Stanford University recently announced that it will pay the tuition of all students whose family make less than $125,000 per year, and the tuition and room and board for students whose families make less than $65,000 per year. Within this new policy, Stanford is still requiring students to contribute $5,000 per year from their earnings in summer or part-time jobs.
While tuition will be free to lower-income families, higher-income families will continue to pay Stanford’s ridiculous sticker price ($45,729 last year), thus allowing lower-income students to attend.
“For the lower income students who attend Stanford, it will mean a lot given skyrocketing tuition,” said Nolan Cabrera, assistant professor for the Center for the Study of Higher Education. “If there was not that subsidy, they would simply be priced out of a Stanford education.”

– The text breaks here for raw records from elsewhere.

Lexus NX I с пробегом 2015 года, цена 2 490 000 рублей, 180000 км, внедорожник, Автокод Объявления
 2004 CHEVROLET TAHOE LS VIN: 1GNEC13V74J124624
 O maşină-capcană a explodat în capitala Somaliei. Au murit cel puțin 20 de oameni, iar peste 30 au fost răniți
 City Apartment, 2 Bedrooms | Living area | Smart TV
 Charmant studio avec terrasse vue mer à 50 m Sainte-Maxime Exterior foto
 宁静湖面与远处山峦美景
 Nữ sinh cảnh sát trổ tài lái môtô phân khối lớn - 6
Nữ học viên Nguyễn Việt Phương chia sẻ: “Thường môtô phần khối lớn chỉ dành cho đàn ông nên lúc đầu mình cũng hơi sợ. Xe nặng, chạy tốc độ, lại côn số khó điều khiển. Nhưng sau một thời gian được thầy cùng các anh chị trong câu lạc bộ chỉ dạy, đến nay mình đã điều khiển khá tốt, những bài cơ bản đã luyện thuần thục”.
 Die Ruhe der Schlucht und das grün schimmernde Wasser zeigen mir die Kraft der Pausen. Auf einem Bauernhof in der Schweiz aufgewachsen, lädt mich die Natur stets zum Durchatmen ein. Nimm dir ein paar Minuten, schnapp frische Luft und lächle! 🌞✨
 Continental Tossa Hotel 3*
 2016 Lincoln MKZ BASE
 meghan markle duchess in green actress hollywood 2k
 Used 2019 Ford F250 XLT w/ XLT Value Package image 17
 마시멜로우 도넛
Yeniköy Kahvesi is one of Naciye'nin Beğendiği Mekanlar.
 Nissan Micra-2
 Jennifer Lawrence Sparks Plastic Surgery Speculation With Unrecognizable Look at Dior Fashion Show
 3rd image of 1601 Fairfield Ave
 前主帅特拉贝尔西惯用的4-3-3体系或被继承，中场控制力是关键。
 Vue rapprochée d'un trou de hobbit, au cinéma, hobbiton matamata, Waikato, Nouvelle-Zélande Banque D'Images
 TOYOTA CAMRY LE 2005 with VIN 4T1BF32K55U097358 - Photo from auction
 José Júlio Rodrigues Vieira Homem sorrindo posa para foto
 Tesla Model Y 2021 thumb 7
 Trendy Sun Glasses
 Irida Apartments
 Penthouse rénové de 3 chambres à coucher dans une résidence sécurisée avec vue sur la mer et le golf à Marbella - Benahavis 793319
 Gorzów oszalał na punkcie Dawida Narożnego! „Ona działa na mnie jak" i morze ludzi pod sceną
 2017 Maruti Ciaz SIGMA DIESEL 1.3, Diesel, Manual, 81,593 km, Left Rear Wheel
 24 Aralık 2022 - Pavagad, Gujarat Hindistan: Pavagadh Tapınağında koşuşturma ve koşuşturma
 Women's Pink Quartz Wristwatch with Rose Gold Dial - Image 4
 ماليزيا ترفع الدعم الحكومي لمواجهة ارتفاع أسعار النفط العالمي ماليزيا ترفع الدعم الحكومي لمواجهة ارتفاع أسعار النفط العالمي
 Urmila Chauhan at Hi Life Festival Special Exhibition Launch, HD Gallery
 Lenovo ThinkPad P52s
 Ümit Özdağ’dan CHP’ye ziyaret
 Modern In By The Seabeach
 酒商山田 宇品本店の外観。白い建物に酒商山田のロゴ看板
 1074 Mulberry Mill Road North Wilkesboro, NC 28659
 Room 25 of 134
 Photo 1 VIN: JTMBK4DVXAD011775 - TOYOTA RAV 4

Students whose families make less than $125,000 per year only qualify for the free tuition, however, if their parents have assets less than $300,000. That’s a big “if.” If the family owned a house, two cars and had some money in savings, for example, the student could easily lose their free tuition.
Students who don’t qualify for free tuition won’t be “left out in the cold,” Cabrera added.
“They are still eligible for financial aid,” he said, “and their expected family contribution will be relatively low.”
With Stanford’s $21 billion endowment, it wouldn’t make sense not to help lower-income students.
“Some have argued that Stanford […] actually does not need to charge tuition at all,” Cabrera said. “Given rising tuition, the institution has to do something, or it will be exclusively available to very wealthy students — which also maps onto people who have college-educated parents and tend not to be racial minorities.”
Though most schools don’t have Stanford’s endowment and cannot provide this financial aid guarantee, each school can learn something from Stanford’s new policy. Cutting the cost of tuition, even by a fraction, can help a lot of lower-income students get to college and raise enrollment numbers.
Before Stanford, close to a dozen private universities lowered their tuition this past school year. The schools who weren’t willing to take the risk of lowering tuition for everyone have offered better “discounts,” according to Danielle Douglas-Gabriel of The Washington Post, such as grants and scholarships, that still decrease tuition for most students and increase the chances of lower-income students getting to school.
“What are the rest of us going to do to ensure that lower-income students can afford to go to college given dwindling state revenue?” Cabrera asked.
Though the UA and Arizona’s other public schools have little financially in common with Stanford — one of the richest universities in the world — they can look to the simple strategy of lowering tuition for guidance.
Rather than lower the price of education, though, Arizona’s universities are proposing another tuition hike next year — one that would put the sticker price of all three universities above the national average for public, four-year institutions.
Rather than increase the number of grants and scholarships, as some poorer private schools have attempted, Arizona provides an average of only $47 to each full-time student, compared to the national average of $561.
Arizona’s universities are on the wrong side of this issue. If lower tuition gets more students in the door, it’s worth a try during these tough times.